[Saved data entries]
━━━━━━━━━━━━━━━━━━━━
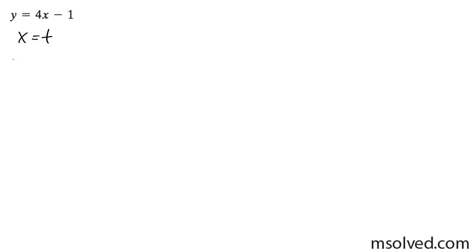And then we get y is then equal to 4t minus 1.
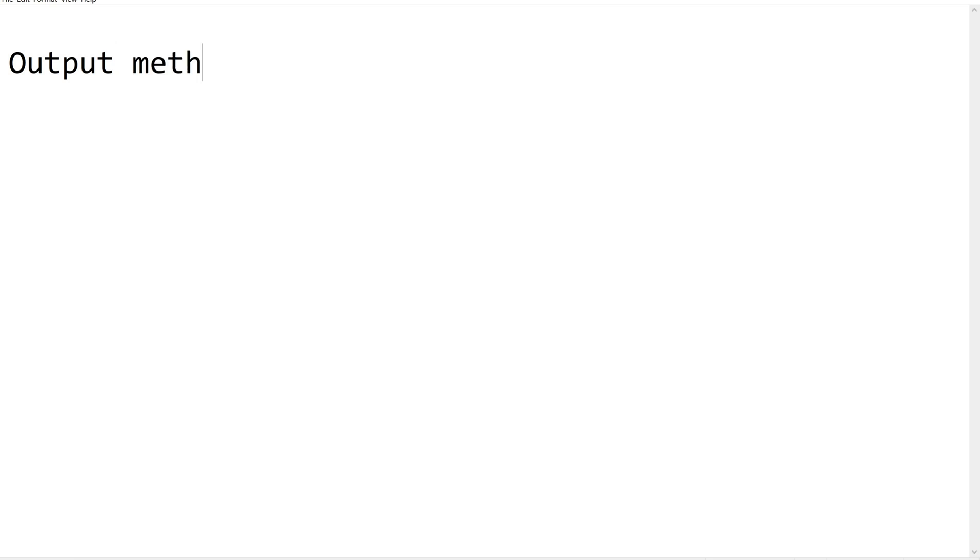Hello Techies! Welcome back to our channel UiPathBots. In this video we are going to learn about output methods. In our previous video sessions we have learned about input methods and input activities available in UiPath Studio. Now let us see the output methods which are available in our UiPath Studio.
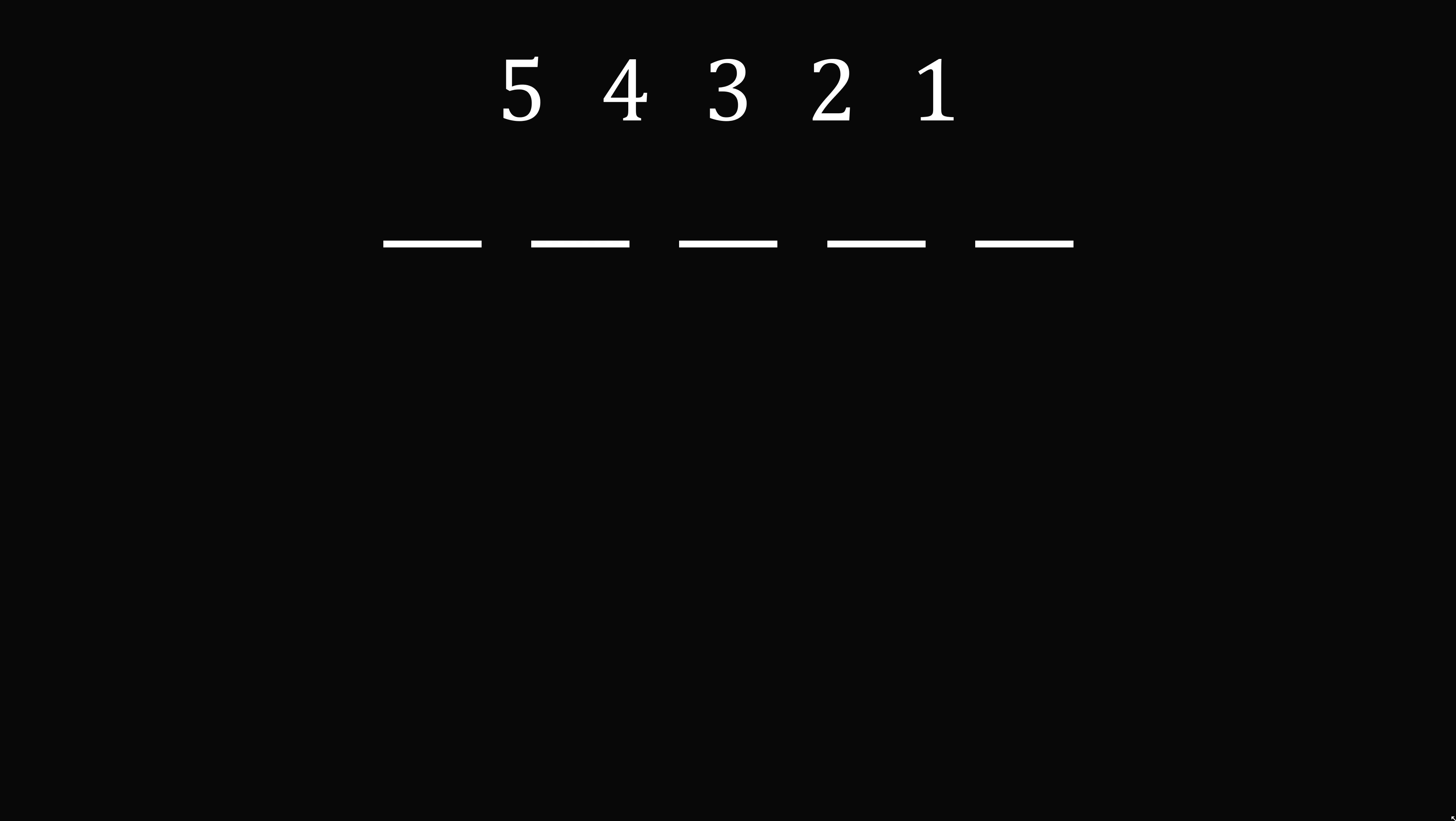We have the digits going from 5 to 1, and we need to create a 5-digit number. So let's suppose that we put 5 in the 10,000 spot. What we're going to do is sum all of these instances of the 5.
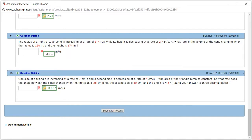Let's look at Hallmark 14.5, problem number 10. One side of a triangle is increasing at the rate of 7 centimeters per second. A second side is decreasing at the rate of 4 centimeters per second. The area of the triangle remains constant. At what rate does the angle between those two sides change when the first side is 28 centimeters, the second side is 40 centimeters, and the angle is pi over 6?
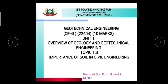Hello everyone, myself Ms. Brunali Dongre, Professor in Civil Engineering Department, NIT Polytechnic College, Nagpur. Welcome you all in online teaching learning classes. Today we are going to start topic number 1.3, Importance of Soil in Civil Engineering.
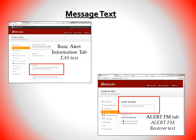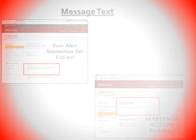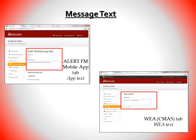Although you enter a headline, you still have to enter the message text for each contact path in the correct place. If you are sending an EAS or NMWIN message, enter your message text under Description in the Basic Alert Information tab. If you are sending a message to the AlertFM receivers, enter your message text in the AlertFM tab. If you are sending a message to the AlertFM app, enter your message text in the AlertFM Mobile App tab. If you are sending a message via WIA, enter your 90-character WIA text in the WIA CMath tab.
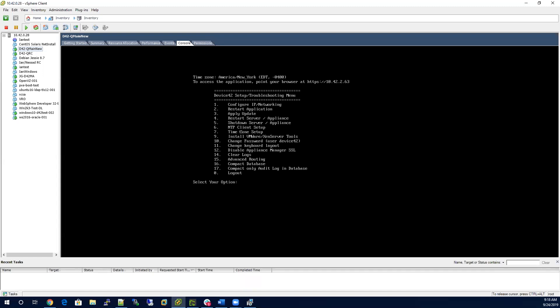You'll see there are a few other important options: option six for NTP client, option seven for setting up a time zone, and option 10 for changing the password if you want to change the credentials you just used to log in.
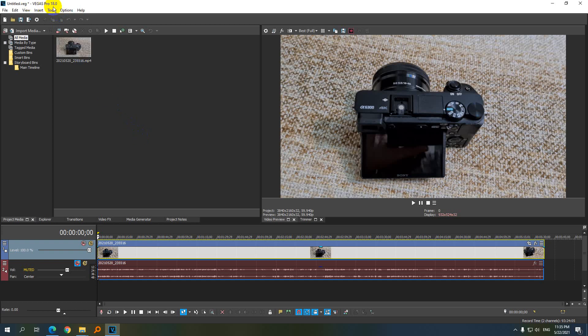So here's Vegas Pro version 18. I have a 4K video on the timeline here and it's at 60 frames per second. So it's a pretty high quality video.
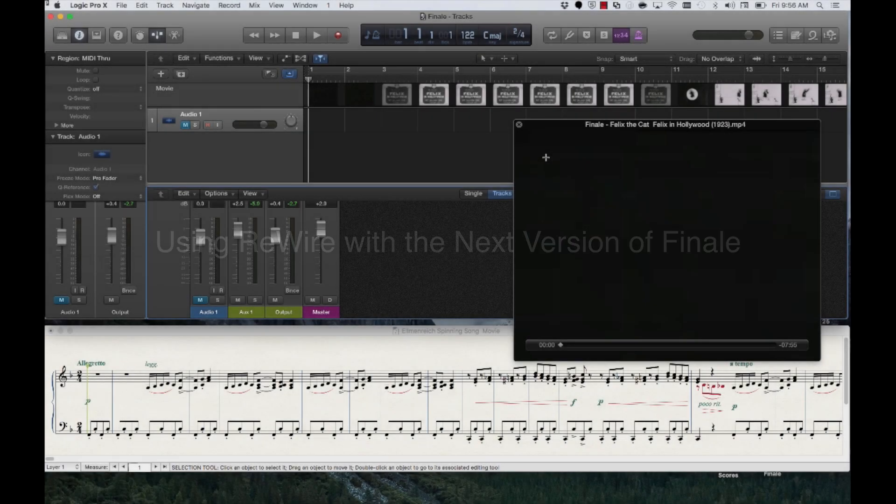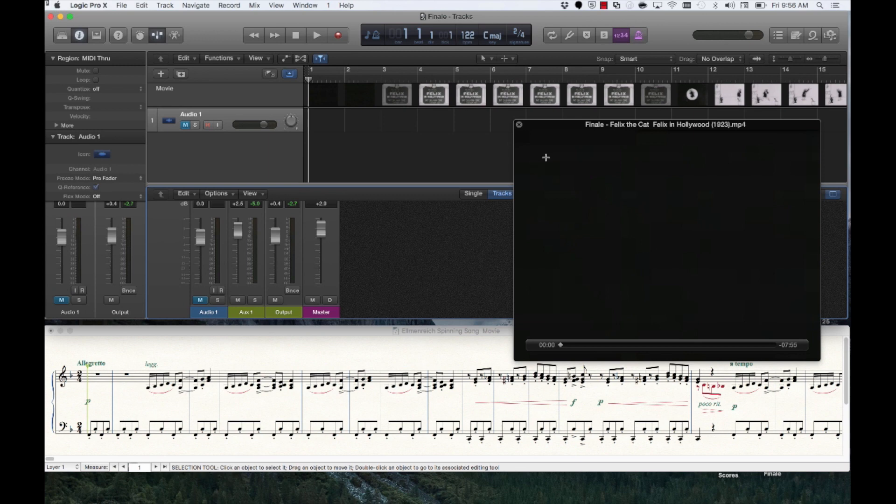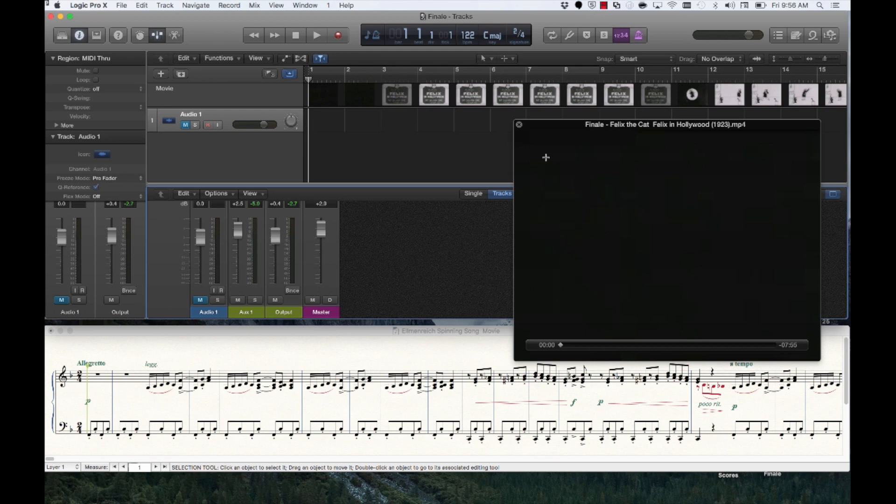Today, we'll look at a session in Logic in which I've imported video of a silent cartoon to which I'm going to add an accompaniment via Finale.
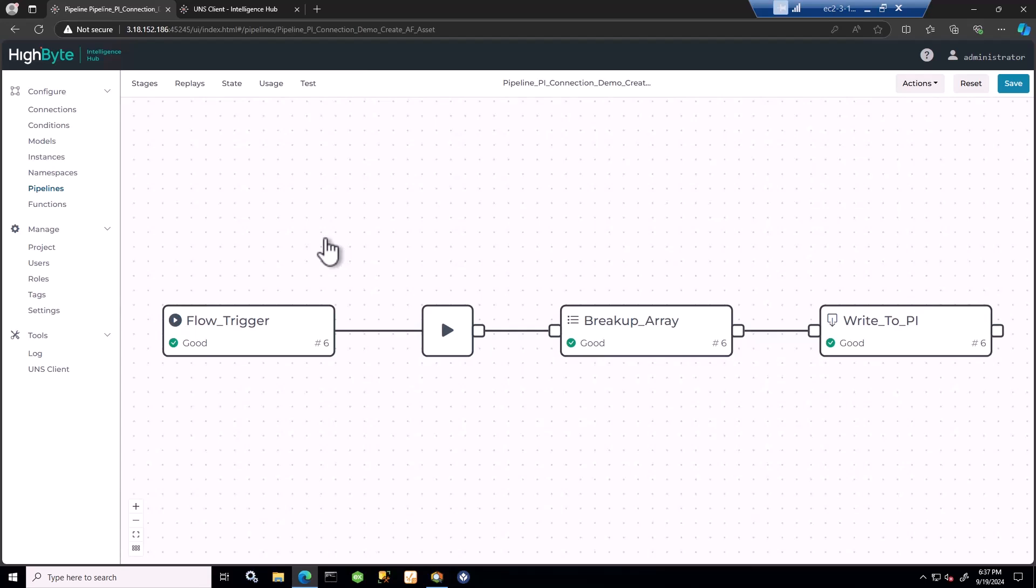So in summary, lots of options with the Intelligence Hub AVEVA Pi connection input and output, from Intelligence Hub to AVEVA Pi system to create assets, create points, and of course obtain Pi point data and asset attribute data. Thanks for your time.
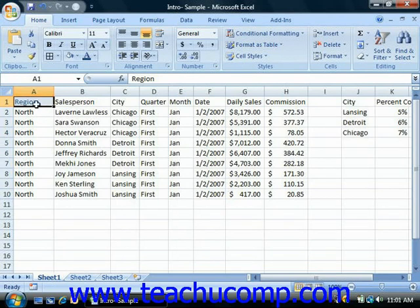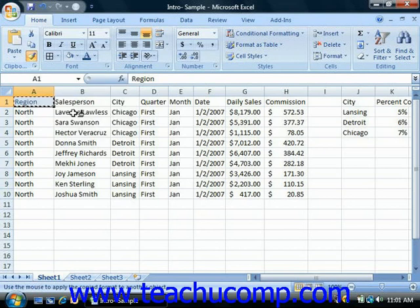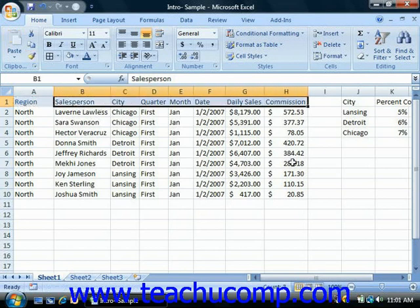Next, click the Format Painter button in the Clipboard group on the Home tab in the ribbon. Then click and drag over the cell or cell range to which you want to apply the formatting that you just copied in order to apply it. Once you've done that, the Format Painter will turn itself off automatically.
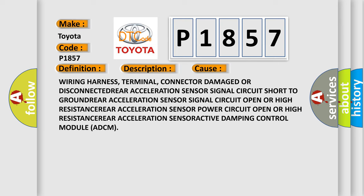Wiring harness, terminal, connector damaged or disconnected. Rear acceleration sensor signal circuit short to ground. Rear acceleration sensor signal circuit open or high resistance. Rear acceleration sensor. Active damping control module ADCM. The Airbag Reset website aims to provide information in 52 languages.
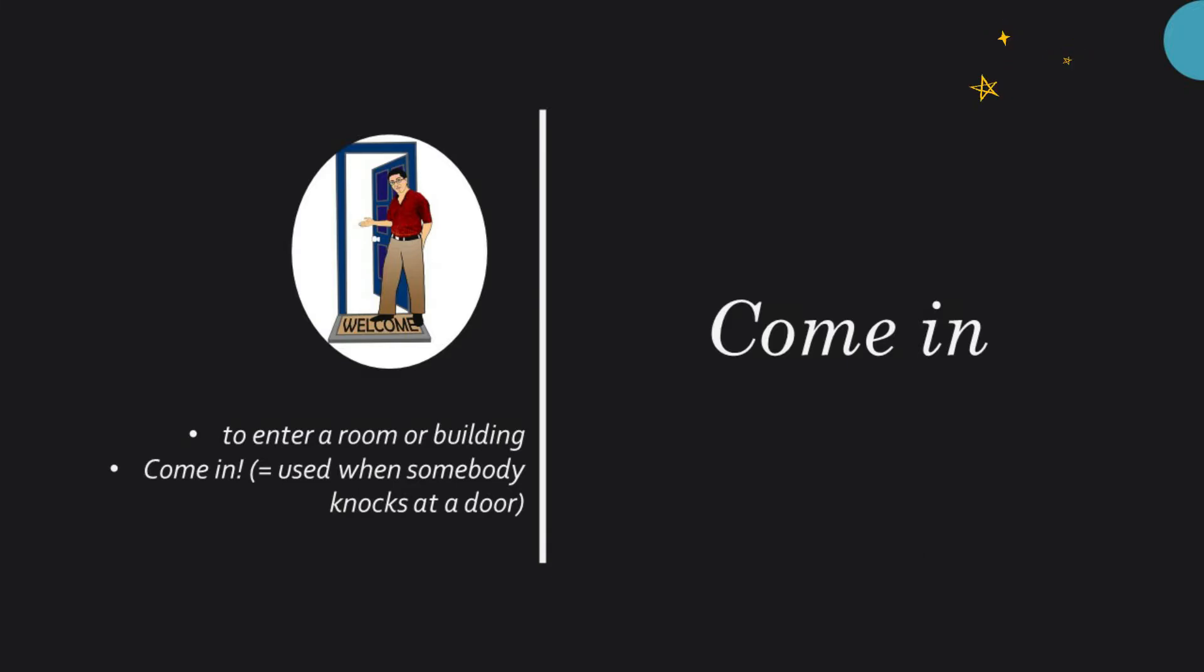Come in. The main meaning of this phrase is to enter a room or a building. Come in is used when somebody knocks at a door.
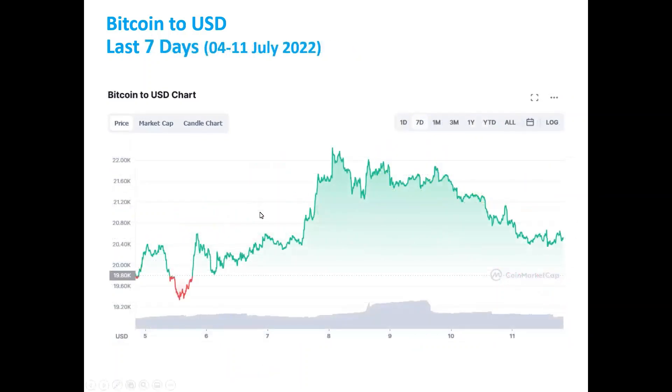Looking at the last seven days, you can see the price of Bitcoin. The price moved from $20,000 USD to around $20,000 USD and then up to $21,000 USD.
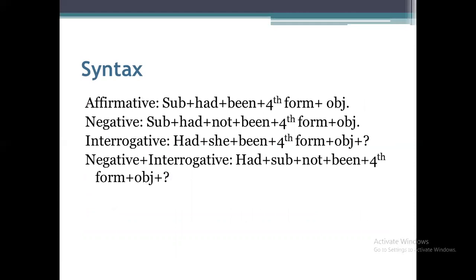Now here are the structures or syntax for all four types of sentences. For the affirmative, we have: Subject + had + been + fourth form of verb + object. 'Had' is the second form of 'have,' showing past time. 'Been' is the third form, showing the perfect aspect. The fourth form shows that the work is continuously in progress.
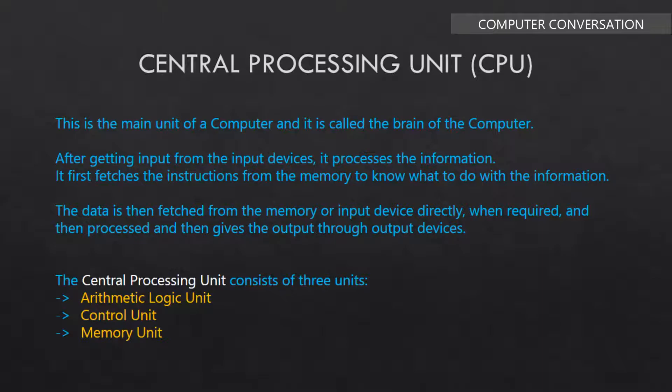The central processing unit consists of three units: arithmetic logic unit, control unit, and memory unit. Let me discuss these units one by one.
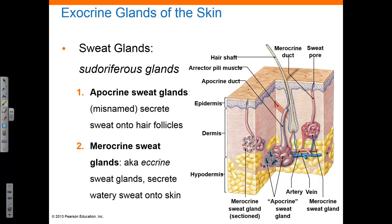Here we see one of those merocrine sweat glands, along with the duct and pore that releases sweat onto the surface to allow for perspiration.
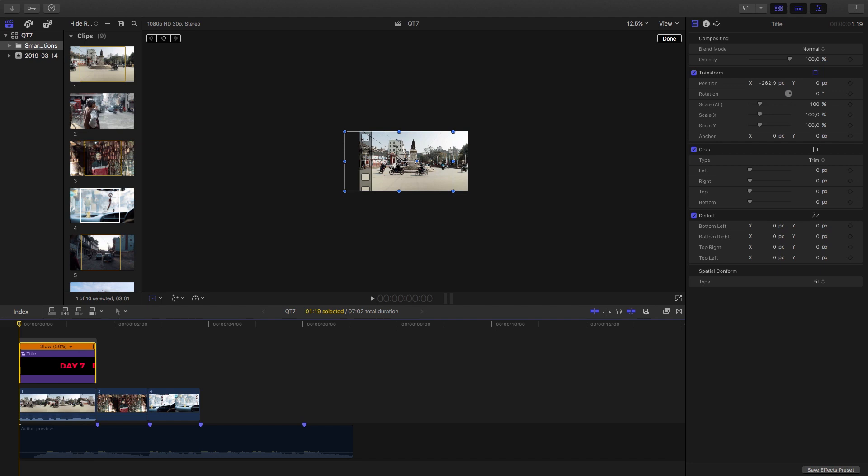All right guys, so learning these has saved me a ton of time inside Final Cut and I hope it will do the same with you. If you've learned something from the video, make sure to like and then subscribe to the channel as we'll be adding a lot more tips that will improve your workflow. All the best guys and I'll see you in the next one.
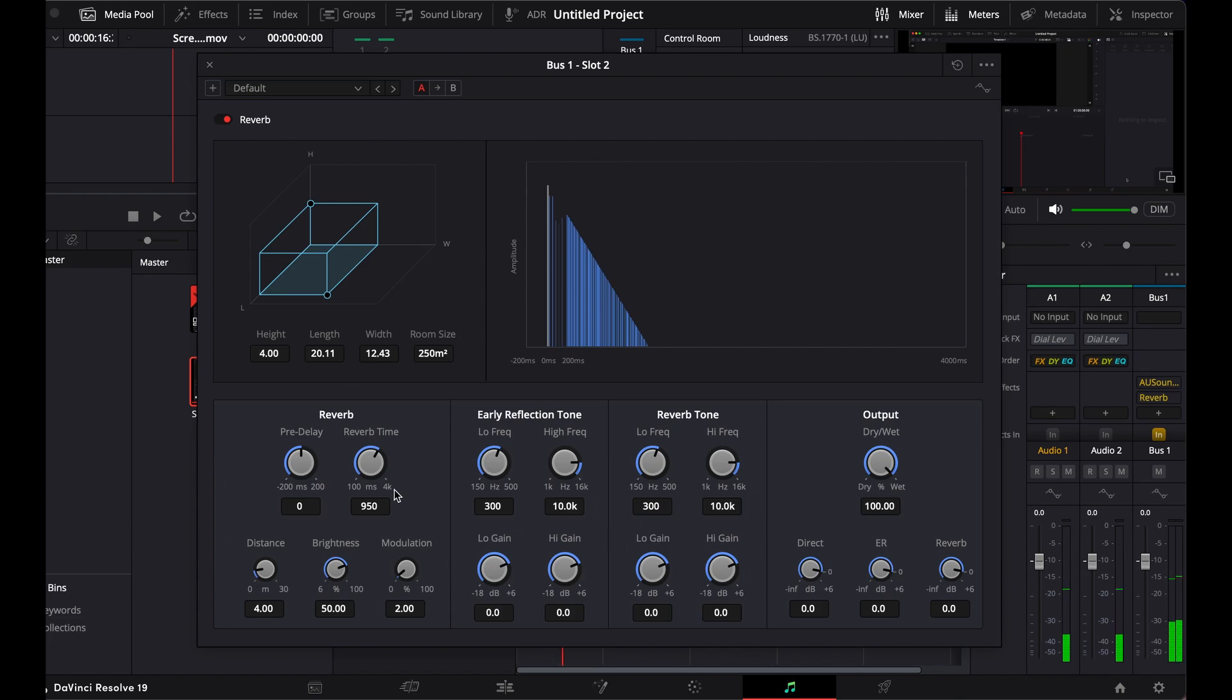So here we have some settings, the reverb time. The longer the reverb time, the bigger the room in which the person is in will sound like. Distance, you can make the distance a little further away.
━━━━━━━━━━━━━━━━━━━━
■ **What the task asks**:
Repeat every record above exactly, but drop the pictures.

■ **Task output**:
And then we get y is then equal to 4t minus 1.
Hello Techies! Welcome back to our channel UiPathBots. In this video we are going to learn about output methods. In our previous video sessions we have learned about input methods and input activities available in UiPath Studio. Now let us see the output methods which are available in our UiPath Studio.
We have the digits going from 5 to 1, and we need to create a 5-digit number. So let's suppose that we put 5 in the 10,000 spot. What we're going to do is sum all of these instances of the 5.
Let's look at Hallmark 14.5, problem number 10. One side of a triangle is increasing at the rate of 7 centimeters per second. A second side is decreasing at the rate of 4 centimeters per second. The area of the triangle remains constant. At what rate does the angle between those two sides change when the first side is 28 centimeters, the second side is 40 centimeters, and the angle is pi over 6?
Hello everyone, myself Ms. Brunali Dongre, Professor in Civil Engineering Department, NIT Polytechnic College, Nagpur. Welcome you all in online teaching learning classes. Today we are going to start topic number 1.3, Importance of Soil in Civil Engineering.
Although you enter a headline, you still have to enter the message text for each contact path in the correct place. If you are sending an EAS or NMWIN message, enter your message text under Description in the Basic Alert Information tab. If you are sending a message to the AlertFM receivers, enter your message text in the AlertFM tab. If you are sending a message to the AlertFM app, enter your message text in the AlertFM Mobile App tab. If you are sending a message via WIA, enter your 90-character WIA text in the WIA CMath tab.
You'll see there are a few other important options: option six for NTP client, option seven for setting up a time zone, and option 10 for changing the password if you want to change the credentials you just used to log in.
So here's Vegas Pro version 18. I have a 4K video on the timeline here and it's at 60 frames per second. So it's a pretty high quality video.
Today, we'll look at a session in Logic in which I've imported video of a silent cartoon to which I'm going to add an accompaniment via Finale.
So in summary, lots of options with the Intelligence Hub AVEVA Pi connection input and output, from Intelligence Hub to AVEVA Pi system to create assets, create points, and of course obtain Pi point data and asset attribute data. Thanks for your time.
Next, click the Format Painter button in the Clipboard group on the Home tab in the ribbon. Then click and drag over the cell or cell range to which you want to apply the formatting that you just copied in order to apply it. Once you've done that, the Format Painter will turn itself off automatically.
Wiring harness, terminal, connector damaged or disconnected. Rear acceleration sensor signal circuit short to ground. Rear acceleration sensor signal circuit open or high resistance. Rear acceleration sensor. Active damping control module ADCM. The Airbag Reset website aims to provide information in 52 languages.
Come in. The main meaning of this phrase is to enter a room or a building. Come in is used when somebody knocks at a door.
Looking at the last seven days, you can see the price of Bitcoin. The price moved from $20,000 USD to around $20,000 USD and then up to $21,000 USD.
Now here are the structures or syntax for all four types of sentences. For the affirmative, we have: Subject + had + been + fourth form of verb + object. 'Had' is the second form of 'have,' showing past time. 'Been' is the third form, showing the perfect aspect. The fourth form shows that the work is continuously in progress.
The central processing unit consists of three units: arithmetic logic unit, control unit, and memory unit. Let me discuss these units one by one.
Here we see one of those merocrine sweat glands, along with the duct and pore that releases sweat onto the surface to allow for perspiration.
All right guys, so learning these has saved me a ton of time inside Final Cut and I hope it will do the same with you. If you've learned something from the video, make sure to like and then subscribe to the channel as we'll be adding a lot more tips that will improve your workflow. All the best guys and I'll see you in the next one.
So here we have some settings, the reverb time. The longer the reverb time, the bigger the room in which the person is in will sound like. Distance, you can make the distance a little further away.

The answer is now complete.